最後にStyleです。Styleには、「Stability Style Control」ノードを使用します。Styleでは、入力画像のスタイルを踏襲し、プロンプトに合わせて画像を生成します。今回は、男性の画像を入力し、ウィジェット「prompt」に「1girl」を入力して生成してみます。以下がワークフローです。

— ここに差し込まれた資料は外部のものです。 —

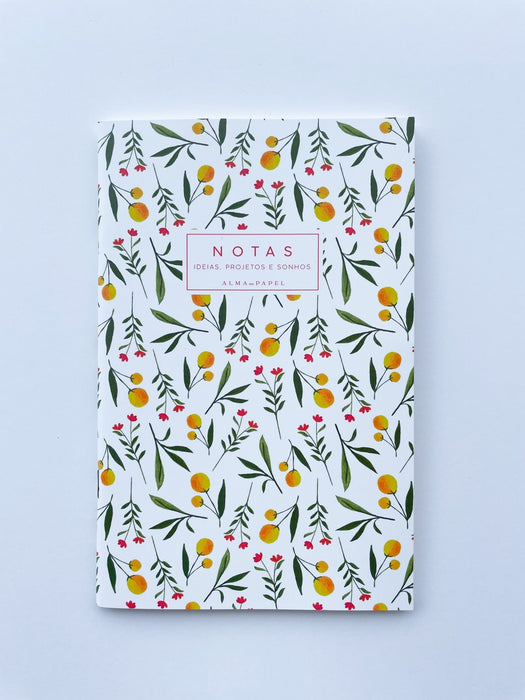 Caderno Limões Bolso - Alma em Papel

以下が生成結果です。画像の雰囲気や、顔の特徴が継承されて生成されていることが分かります。

このノードの各ウィジェットの用途は以下になります。
-
image (必須)
コントロール画像。たとえば、スケッチや入力となる元画像。 -
prompt (必須)
生成したい画像の説明。 -
control_strength (任意)
コントロール画像が結果に与える影響度。0~1 の値で調整。 -
negative_prompt (任意)
結果に含めたくない内容を指定。 -
seed (任意)
乱数シード。 -
output_format (任意)
生成画像の形式。 -
style_preset (任意)
参考にするスタイルのプリセット。
Image-to-Video
男性の画像を入力し、動画を生成してみます。ワークフローは以下になります。入力可能な画像サイズが制限されているため、Resize Imageノードで一度指定サイズに変更しています。

このノードの各ウィジェットの用途は以下になります。
-
image (必須)
ビデオ生成のソース画像。サポートされる寸法例:1024x576, 576x1024, 768x768 -
seed (任意)
乱数シード。 -
cfg_scale (任意)
ソース画像に対する忠実度の調整。値が高いほど元画像に近い動きに。 -
motion_bucket_id (任意)
動きの強度を調整するためのパラメータ(1~255 の値)。
7. まとめ
StabilityAI の REST API (v2beta) は、テキストから画像・3D・ビデオ生成、画像編集・アップスケールなど、さまざまなクリエイティブツールを提供しています。各エンドポイントのパラメータやレスポンスの仕様を正しく理解することで、ComfyUI のカスタムノードとして利用した際にも、柔軟かつ高品質な生成処理を実現できます。
この記事では、API の全体像と主要なエンドポイントの使い方、注意点について解説しました。ぜひ、実際に API キーを取得し、サンプルコードを試しながら自分のプロジェクトに組み込んでみてください!